Permen, perubahan iklim, dan ‘titik biru muda’
- keren989
- 0
MANILA, Filipina – Pertandingan dimulai dengan semangkuk permen.
Kedua lawan masing-masing mendapat dua bendera, satu merah dan satu biru. Jika keduanya mengibarkan bendera merah, masing-masing akan mendapat dua permen. Jika keduanya mengibarkan bendera biru, masing-masing mendapat 3 permen. Namun jika yang satu mengangkat warna biru dan yang lainnya mengangkat warna merah, maka yang mengibarkan bendera merah akan mendapat 4 permen dan yang lainnya tidak mendapat apa-apa.
Tip topi: Mainkan merah. Itu aman.
Kemudian permainan menjadi lebih sulit karena ditambahkan bendera lain, yaitu bendera hijau. Masih ada dua pemain, namun kesepakatan telah berubah. Akan lebih baik jika keduanya bermain hijau karena kedua pemain akan mendapatkan 5 permen. Namun hal ini lebih rumit dibandingkan yang satu mengibarkan bendera hijau dan yang lainnya mengibarkan bendera biru atau merah.
Kemudian aturan mainnya berubah.
Hanya ada 10 permen di dalam mangkuk, dan tergantung pada warna bendera yang akan dikibarkan, permen akan digandakan, diganti, atau permen akan habis di mangkuk.
Urutan permainan pengibaran bendera dan permen adalah analogi yang digunakan Pecier Decierdo untuk menjelaskan perubahan iklim di Planetarium Museum Nasional pada 21 Februari, bagian dari perayaan Pekan Astronomi Nasional 2014.
saya memutuskan salah satu “Penggerak Pikiran” di Museum Pikiran di Kota Taguig, mengatakan bahwa sulit bagi seluruh dunia untuk mencapai solusi berkelanjutan terhadap perubahan iklim, hampir seperti cara kerja permainan ini.
Permainan permen ini menggambarkan bagaimana negara-negara akan memutuskan sumber daya mereka yang terbatas dan bagaimana keputusan mereka akan mempengaruhi negara-negara lain dalam hal perubahan iklim. Kerja sama akan bermanfaat bagi kedua negara, namun hal ini sama saja dengan mempertaruhkan sumber daya mereka demi keuntungan negara lain. Oleh karena itu, jauh lebih baik jika negara mana pun akan bermain tergantung pada apa yang “aman” atau di mana negara tersebut akan lebih baik bagi dirinya sendiri.

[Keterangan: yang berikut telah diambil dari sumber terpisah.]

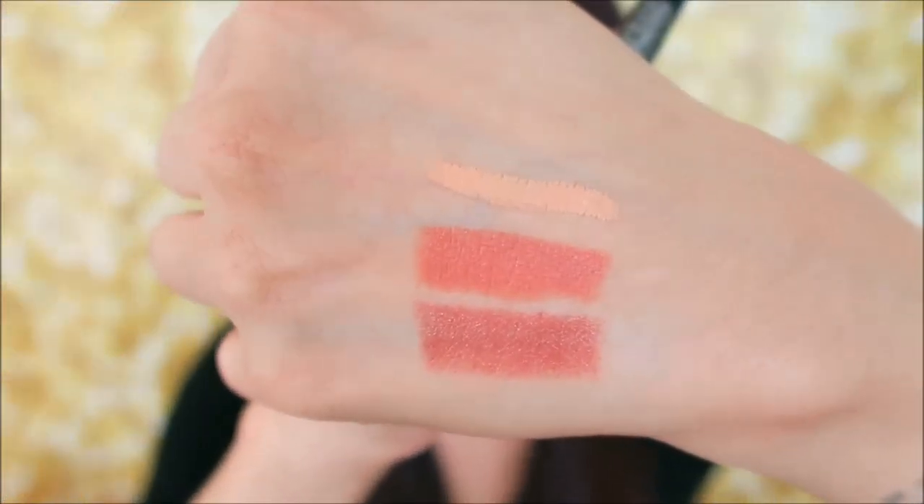I also picked up the color correcting stick in 'look less tired' in light — but this is more of a peach. I had picked up the more orange shade before when they first released and I hated it, but this one is really, really good. I love this around the mouth, and I also apply it on the darkest part of my under-eye area — just one line and kind of blend it in. It blends in really, really nicely, and it comes with its own sharpener, which is great.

“(Dalam bahasa teori permainan), ketidakmampuan orang untuk mencapai solusi yang disepakati dan terbaik bagi semua orang muncul dari dilema tahanan di mana semua pemain membelot,” kata Decierdo.
Ia menambahkan, kerja sama memerlukan pengorbanan.
“Sangat sulit bagi orang-orang untuk melakukan pengorbanan demi mengurangi emisi karbon, mengendarai sepeda daripada mengendarai mobil… atau membatasi jumlah ikan yang harus mereka tangkap di laut alih-alih mendapatkan apa yang mereka inginkan. , “kata Decierdo, mencatat bahwa bermain merah selama pertandingan berarti mendapatkan 6 permen jika pemain lain bermain hijau — dan pemain tersebut harus puas dengan satu permen.
Ia juga mengatakan bahwa karena tidak semua negara mengalami dampak perubahan iklim yang sama, maka negara-negara yang kurang rentan cenderung tidak mau berkorban.
Misalnya, Filipina termasuk dalam sepuluh negara paling rentan terhadap perubahan iklim.
Menurut Indeks Risiko Iklim Global tahun 2013, negara ini menduduki peringkat ke-4 dalam 20 tahun terakhir.st di seluruh dunia karena kerentanannya terhadap peristiwa cuaca ekstrem, yang terbaru adalah Supertyphoon Yolanda (Haiyan) pada tahun 2013.
Mengubah perspektif
Decierdo kemudian mengaitkan isu perubahan iklim dengan skala alam semesta. Beliau mengatakan bahwa kita perlu mengubah cara pandang kita dari dunia dalam ke dunia luar.
“Kita orang-orang lupa fakta bahwa kita dapat mengubah iklim secara drastis di sini… dan bumi tidak sebesar itu dan bagian yang mendukung kehidupan juga tidak sebesar itu. Ini sangat rapuh,” katanya.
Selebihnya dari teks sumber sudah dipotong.